The 2020 Presidential Health Care Debate

HFMA.org

Maggie McCann, Contributing Writer |

At this time of the year, all of the current presidential candidates are formulating their health care defenses in preparation for the 2020 elections. Health care will be and already is of utmost importance to the candidates of the 2020 election.

President Trump has recently stepped up his opposition to the current Affordable Health Care Act (ACA). On Monday, March 25, the Trump administration escalated their resistance calling for the federal courts to overturn the ACA act in its entirety, arguing that “the statute is unconstitutional.”

Legal experts dismiss the action as absurd, but the plan is finding supporters in highly conservative voters, just as it did when the president promised to repeal and replace the ACA. Trump’s proposal to repeal the entire ACA has been successful in conservative states where his 2020 campaign will be most well received. More than just President Trump, all party candidates are beginning to realize the significance of health care for the future of American government.

Almost all of President Trump’s opponents in the 2020 election have stated their support for affordable health care thus far. However, the devil is in the details. There is a world of difference between each candidate’s meaning of “affordable healthcare.”

Senators Bernie Sanders, Kirsten Gillibrand, Elizabeth Warren, as well as San Antonio Mayor Julian Castro and Hawaii Representative Tulsi Gabbard have announced their support for ideas similar to those of the single-payer “Medicare for All,” a model defined by CNBC as a Medicare plan that would “greatly expand the pool of Americans eligible for the program […] widen the types of coverage available, as well as push private insurers out of the Medicare mix.”

Grand View Research

However, many other presidential hopefuls are saying the single-payer plan is something that may work down the line but right now believe there is no chance a proposal as “radical” as single-payer Medicare will pass.

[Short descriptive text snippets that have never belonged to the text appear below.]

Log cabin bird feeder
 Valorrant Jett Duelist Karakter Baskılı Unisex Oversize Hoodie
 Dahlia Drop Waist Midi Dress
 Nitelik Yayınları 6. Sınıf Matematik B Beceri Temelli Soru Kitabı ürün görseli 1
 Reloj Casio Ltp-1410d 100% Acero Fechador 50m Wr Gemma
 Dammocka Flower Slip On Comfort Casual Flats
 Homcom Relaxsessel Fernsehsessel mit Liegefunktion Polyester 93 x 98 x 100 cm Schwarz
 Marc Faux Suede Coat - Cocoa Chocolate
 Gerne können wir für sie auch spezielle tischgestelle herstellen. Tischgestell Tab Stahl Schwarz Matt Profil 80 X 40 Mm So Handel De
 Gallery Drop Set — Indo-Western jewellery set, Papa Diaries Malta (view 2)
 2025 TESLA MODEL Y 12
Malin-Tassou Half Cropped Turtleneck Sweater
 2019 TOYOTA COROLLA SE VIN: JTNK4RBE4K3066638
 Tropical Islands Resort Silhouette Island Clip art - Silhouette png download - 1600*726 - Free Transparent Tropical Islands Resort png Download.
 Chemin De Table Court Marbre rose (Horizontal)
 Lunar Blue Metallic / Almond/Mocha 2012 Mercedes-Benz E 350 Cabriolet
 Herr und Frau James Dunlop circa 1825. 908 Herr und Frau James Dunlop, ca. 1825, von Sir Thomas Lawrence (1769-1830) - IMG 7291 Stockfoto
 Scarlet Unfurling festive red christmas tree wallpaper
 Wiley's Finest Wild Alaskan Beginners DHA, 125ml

Senators Cory Booker, Sherrod Brown, Amy Klobuchar, and Indiana Mayor Pete Buttigieg all agree a less extreme change to the current Medicare bill would be more practical.

While discussing the issue back in February of this year, Booker reported, “Medicare for All is great, but if we can’t get that, but if we can extend Medicare down to age 55 … that’s going to create such an effect on the whole system that’s going to make it better.” It is the opinion of Booker and the other three candidates not backing single-payer health care that more moderate change would be faster acting and help the people sooner than the radical single-payer model that will most likely never pass in a Republican controlled house.

As we move closer to the 2020 election, more information will come to light, and voters will have to decide which side of the health care debate they’re on. It is certain that health care will be a determining factor in who we see on the podium come November 2020.